■ **What is needed**:
Quote all lines below exactly. Images stay out.
=== Begin Enclosure ===
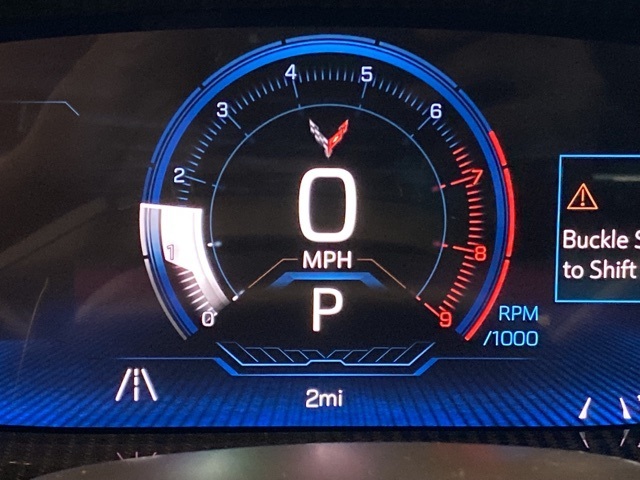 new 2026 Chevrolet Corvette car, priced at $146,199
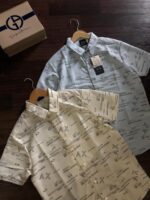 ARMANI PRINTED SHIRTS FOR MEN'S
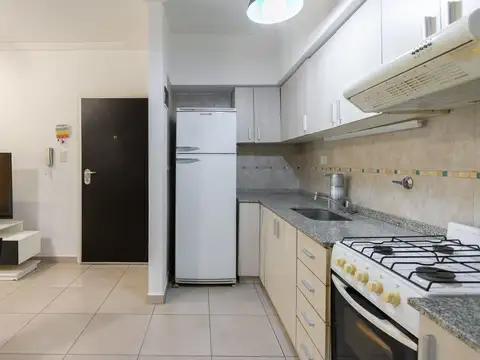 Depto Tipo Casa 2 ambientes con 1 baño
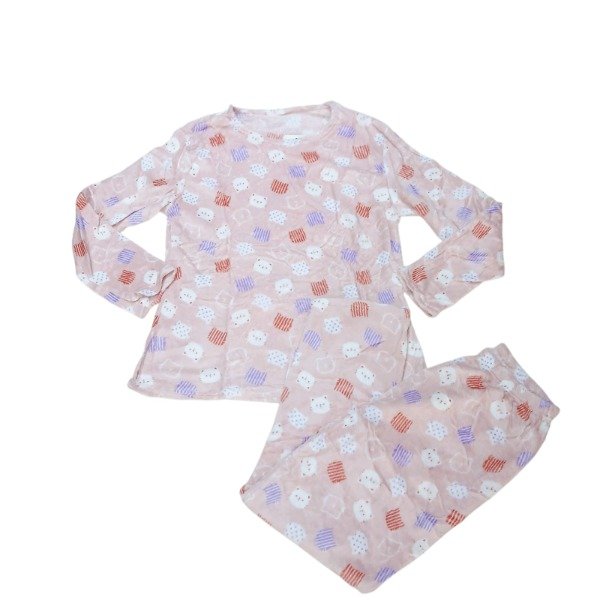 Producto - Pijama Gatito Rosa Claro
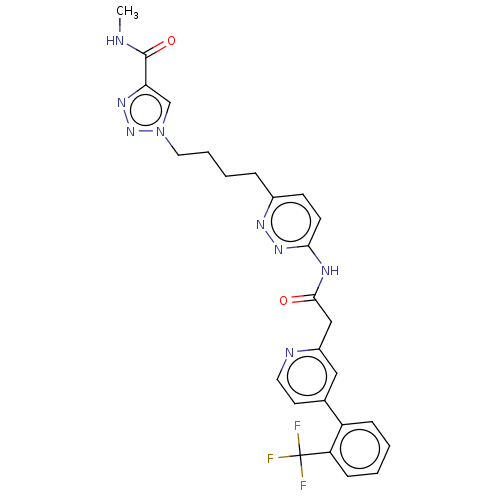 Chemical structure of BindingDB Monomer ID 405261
=== End Enclosure ===
■ **The answer**:
 new 2026 Chevrolet Corvette car, priced at $146,199
 ARMANI PRINTED SHIRTS FOR MEN'S
 Depto Tipo Casa 2 ambientes con 1 baño
 Producto - Pijama Gatito Rosa Claro
 Chemical structure of BindingDB Monomer ID 405261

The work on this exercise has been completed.